Introduction

Endovascular aortic aneurysm repair (EVAR) has been accepted as a standard procedure for an anatomically suitable infrarenal abdominal aortic aneurysm (AAA) [1]. Although EVAR is less invasive and can be the treatment of choice for high-risk patients, it might lead to a great number of complications and reinterventions [2]. Endoleaks are one of the main reasons for reintervention, and Mehta et al. [2] reported that endoleaks accounted for 56.6% of all reintervention cases. Type I endoleaks occur because of inadequate sealing at the proximal and distal ends of the prosthesis [3]. Type I endoleaks are known to be associated with high sac pressure, aneurysmal dilatation, and aneurysm rupture. Therefore, treatment at the time of diagnosis is recommended [1]. The prognosis of type Ia endoleaks depends on the possibility of sealing the stent graft, proximally. Migration, malposition and inadequate sealing of the stent graft are the more frequent causes [4, 5]. Sealing of proximal type 1 endoleaks has traditionally been achieved by using an aortic cuff to extend graft coverage more proximally or by the placement of a large-caliber expandable balloon stent (e.g. Palmaz stent) [6]. An alternative approach, generally considered when the previously mentioned ones are unsuccessful or infeasible, is transcatheter embolization, which is a well-established treatment option for type 2 endoleaks [6]. In the literature, short reports have described this technique: embolic agents used are coils or liquids agents [N-butyl 2-cyanoacrylate (NBCA) or ethylene–vinyl alcohol copolymer (Onyx—Covidien, Irvine, California, USA)] [6,7,8,9].
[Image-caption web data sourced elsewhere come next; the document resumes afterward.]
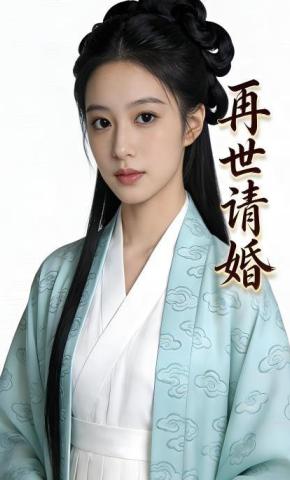 短剧《再世请婚》海报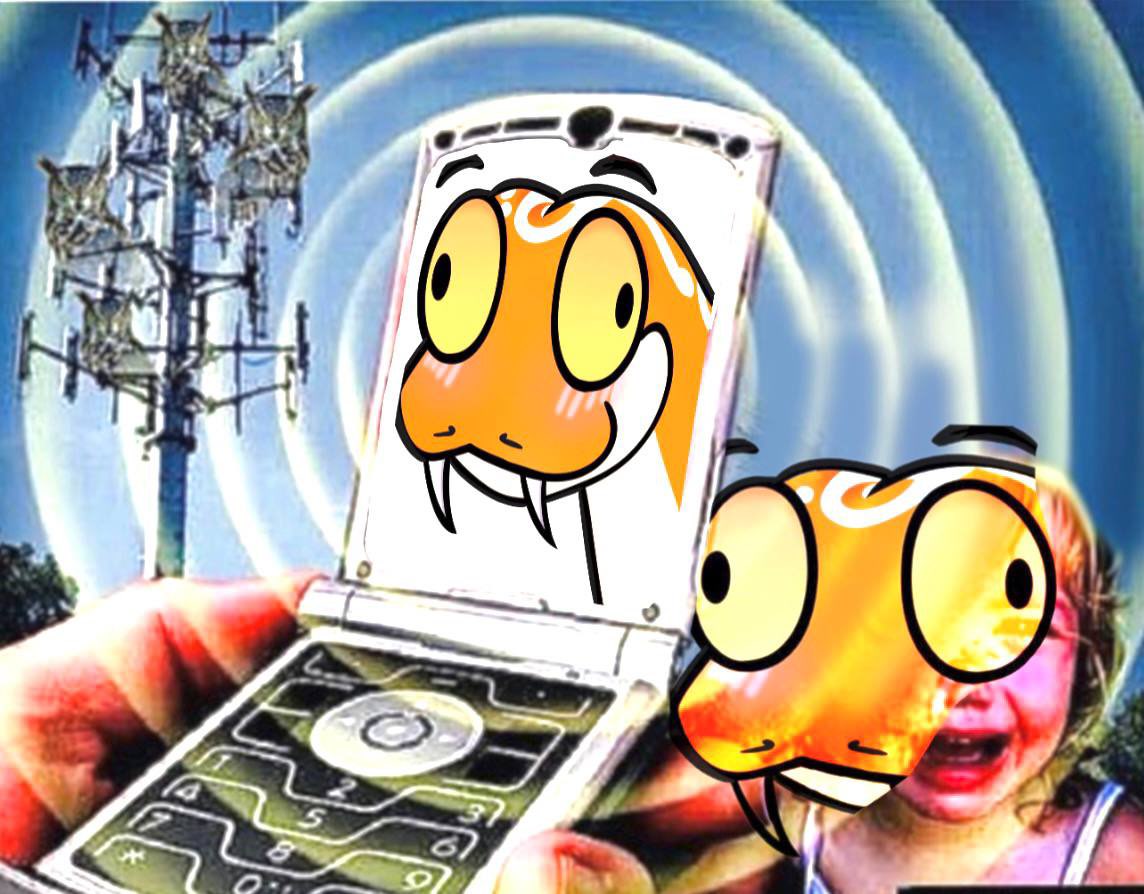 🐍Snakes in your bandwidth🐍twitch.tv/snekstation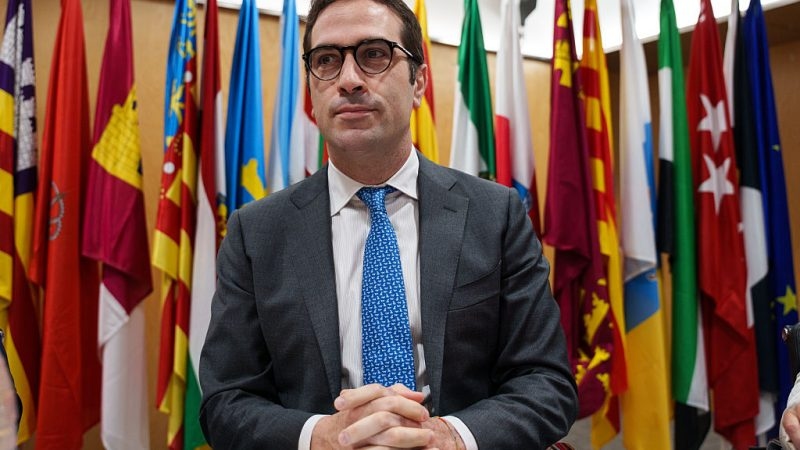 Spaniens Wirtschaftsminister bewirbt sich um Vorsitz der Eurogruppe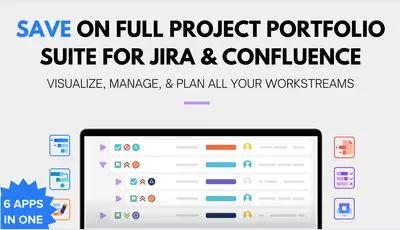 Structure.Bundle by Tempo - Portfolio Management & Jira PPM for Atlassian — screenshot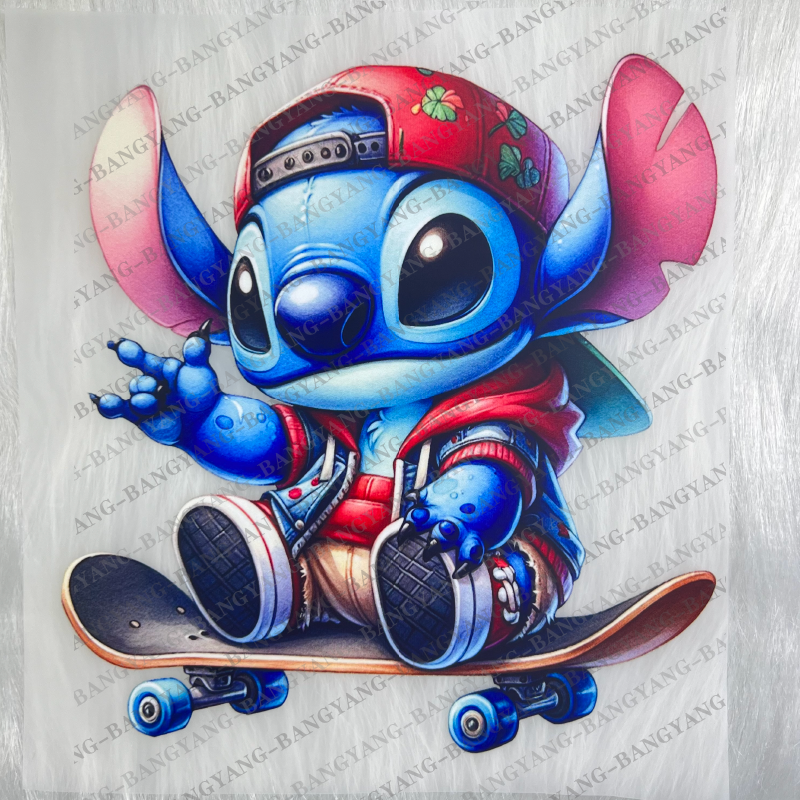factory custom hip hop heat transfers for t shirt dtf transfer sticker for t-shirts designs logo dtf film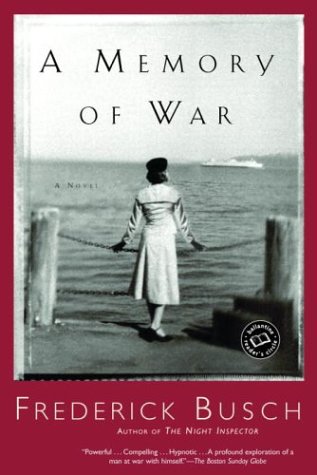 9780345460516: A Memory of War (Ballantine Reader's Circle)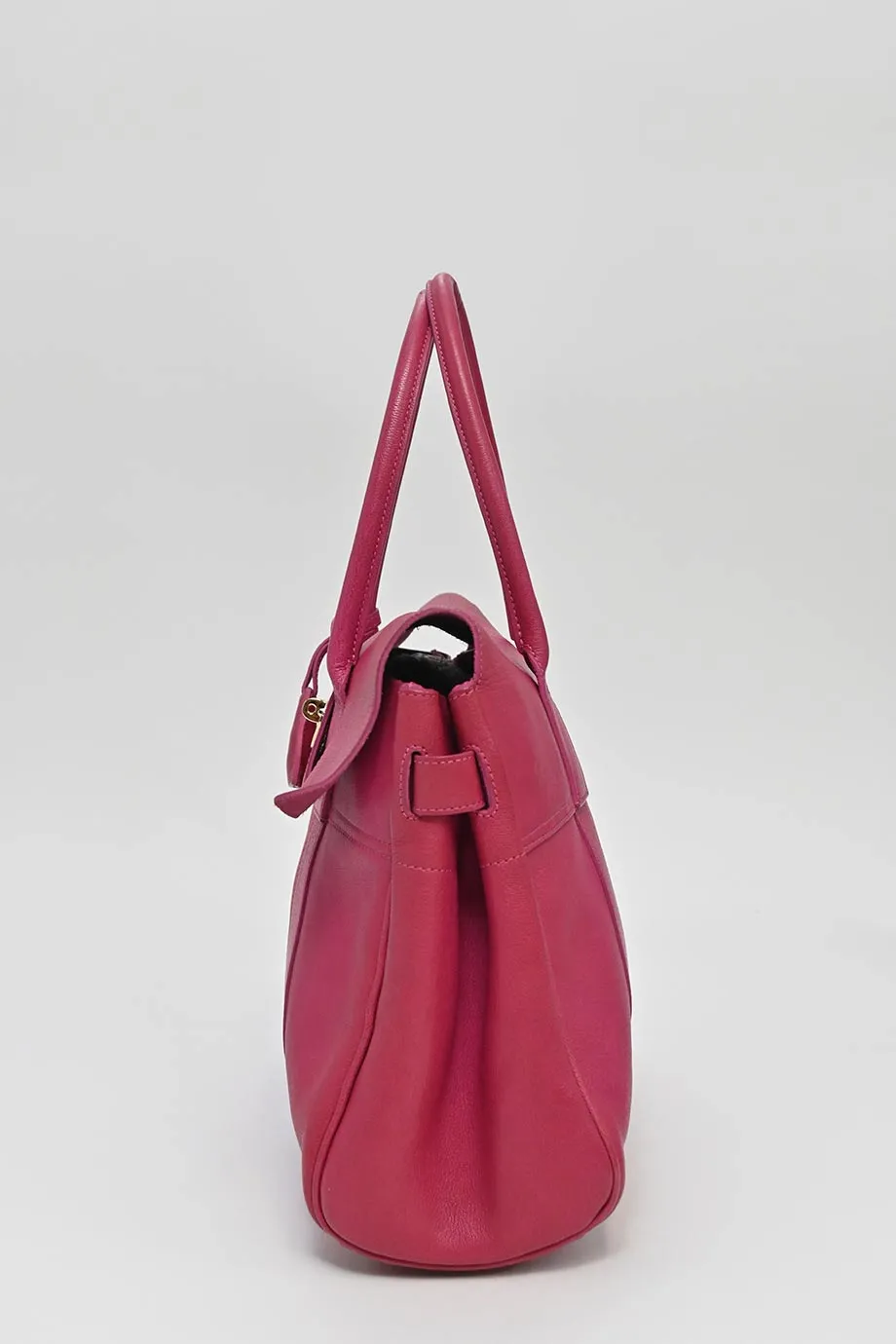 [WB5658] Mulberry | Satchel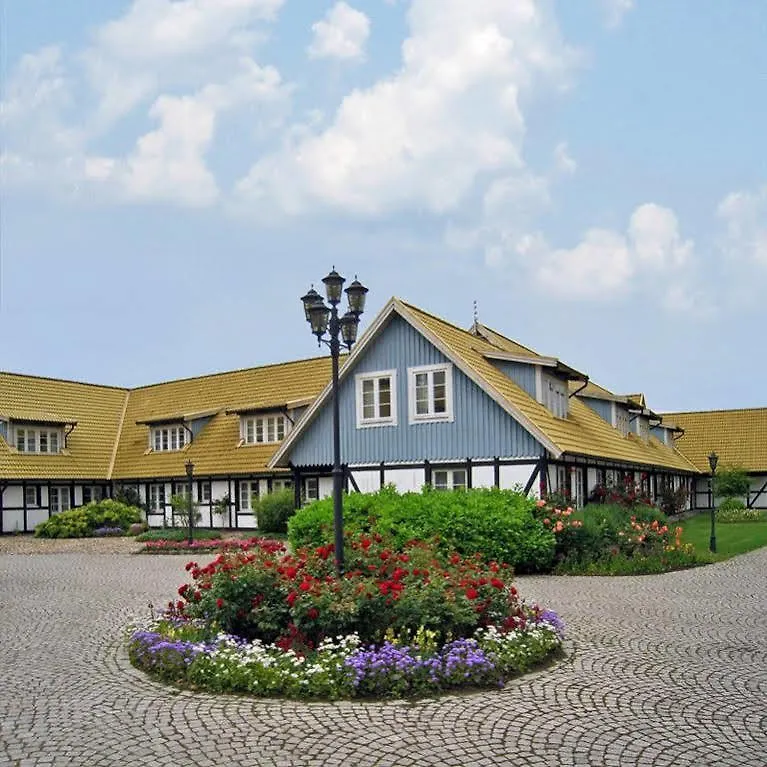 Margretetorps Gästgifvaregård Vejbystrand Schweden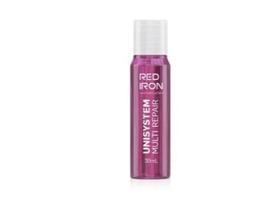 Ampola Red Iron Unisystem Multi Repair 30ml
We present eight cases of proximal type I endoleak with radiological evidence of expanding sac size, five of them had a contained rupture. They were treated with endovascular embolization performed with Onyx, alone or in combination with other embolic agents. In seven patients, a proximal cuff was deployed. The aim of this study was to evaluate the safety, technical success, and clinical success of embolization of type T1a EL after EVAR using ethylene–vinyl alcohol copolymer as an embolic agent alone or in combination with other materials.

Materials and methods

Our Internal Review Board approved the study.

Informed consent was obtained from all individual participants included in the study. From August 2013 to August 2015, eight patients who presented with a type Ia endoleak after EVAR [six men and two women, average age 72.5 years old (range 65–83 years old)] were studied (Table 1).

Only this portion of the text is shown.